The bike is a 2012 TCR advanced 3, i am certain the seatpost clamp is the culprit because when i play with the two screws ie loosen or tighten them the noise either flares up or quietens. 


has anyone else experienced the same problem? i stopped over ten times on my ride today to make little adjustments but nothing worked.


----------



## kidd546 (Nov 3, 2007)

Grease or carbon assembly paste are your friends.


----------



## Zen Cyclery (Mar 10, 2009)

kidd546 said:


> Grease or carbon assembly paste are your friends.


I agree that grease is going to help in this situation. Before greasing make sure you disassemble everything and really clean all bolts, nuts, rails, post, and seat tube.
-Zane


----------



## Ryyder (Aug 3, 2012)

Friction paste


----------



## Specialized6000 (Aug 22, 2009)

Ive done everything recommended here and nothing has helped.

i recently took the bike in for the free 6 week service and other problems with the bike were also that the rear wheel had to be trued and the derailleurs were not shifting properly. is this normal as im worried that if this much is happening in 6 weeks of riding what will need to be done 6 months later on down the road. 

all the shop did to try and correct the creaking is torque and seat and saddle clamps, i can tell they havent even removed the seatpost to check on the grease in the clamp area. they seemed very disinterested in helping me, no questions were asked about the creaking.

would the best course of action to go to other local shops and find out if this a common problem with the giant aero seatpost?

Cheers everyone


----------



## Ryyder (Aug 3, 2012)

I think your worrying too much over nothing important. Seat posts just creak sometimes, If its a good post (no cracks or damage) same with the frame and you tried all recommended solutions then you simply own a creaky post.

Far as the repairs go... bikes need constant maintenance, I do daily maintenance to all my bikes. But for those who don't do all their own just take it in the LBS every month for a "checkup" if your that worried about it.


----------



## icsloppl (Aug 25, 2009)

Specialized6000 said:


> Ive done everything recommended here and nothing has helped.
> 
> i recently took the bike in for the free 6 week service and other problems with the bike were also that the rear wheel had to be trued and the derailleurs were not shifting properly. is this normal as im worried that if this much is happening in 6 weeks of riding what will need to be done 6 months later on down the road.
> 
> ...


i have the same post setup as you (SL3). What you are experiencing is tyical of the model. 

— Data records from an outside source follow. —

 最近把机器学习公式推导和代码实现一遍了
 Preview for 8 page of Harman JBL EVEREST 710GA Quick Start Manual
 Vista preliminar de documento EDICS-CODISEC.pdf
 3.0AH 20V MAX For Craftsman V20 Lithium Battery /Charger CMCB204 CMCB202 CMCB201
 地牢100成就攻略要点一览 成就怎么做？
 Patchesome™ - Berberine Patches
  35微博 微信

The reason it's creaking is that it isn't/wasn't torqued correctly. The required value is low. The ability to both have them even, since they oppose each other, and at the correct value, since if you over-torque you will crack the seat post, is tricky and absolutely requires that you have a torque wrench. Even with a torque wrench, one of the bolts will tend to come loose after the first use and have to be reset. It's the nature of the design. Carbon paste won't help, in will only mask the issue.

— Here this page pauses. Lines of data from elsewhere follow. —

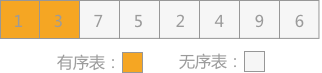 直接插入排序(2)
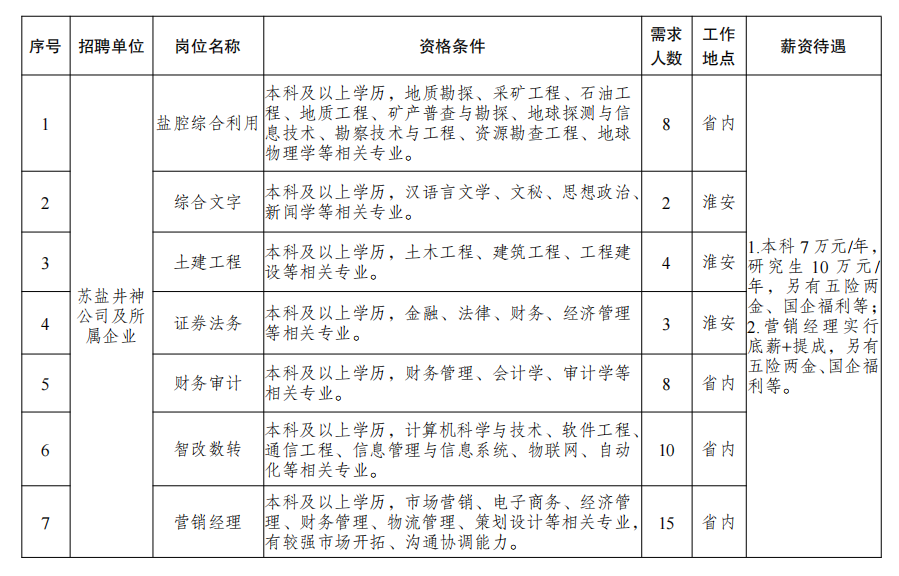 开云网页版(中国)官方入口2024年校园招聘公告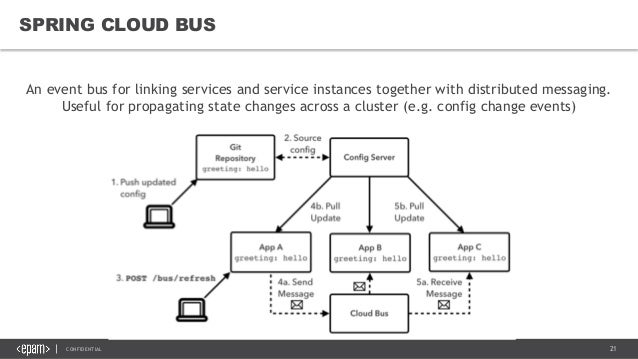 Spring Cloud and Netflix OSS overview v1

Your wheels are well known for requiring truing when they're new. They're far from unique in that regard and after they have been trued and tensioned correctly they seem to stay true.


----------



## RB Rob (Jan 13, 2012)

I recently had the same problem with a newly installed Salsa seat post clamp on my mountain bike. It was actually the clamp bolt that was causing the creaking noise. I wrapped the bolt with Teflon tape (threads) reinstalled and......it hasn't made any noise after three months of riding.

On the other hand, I have never had any creaking issues with my Defy Advanced seat post. Go figure!

Let us know if this resolves your issue.


----------



## karel.drmola (4 mo ago)

Specialized6000 said:


> The bike is a 2012 TCR advanced 3, i am certain the seatpost clamp is the culprit because when i play with the two screws ie loosen or tighten them the noise either flares up or quietens. has anyone else experienced the same problem? i stopped over ten times on my ride today to make little adjustments but nothing worked.


 There's a later design of the Giant clamp with 4,5-5,5 Nm indicated on it. It's longer and should solve the issue, hopefully.


----------



## cxwrench (Nov 9, 2004)

karel.drmola said:


> There's a later design of the Giant clamp with 4,5-5,5 Nm indicated on it. It's longer and should solve the issue, hopefully.


It's a good thing you showed up after 10+ years to set things straight in this hugely important though not current thread. Please check the date on the last reply next time.


----------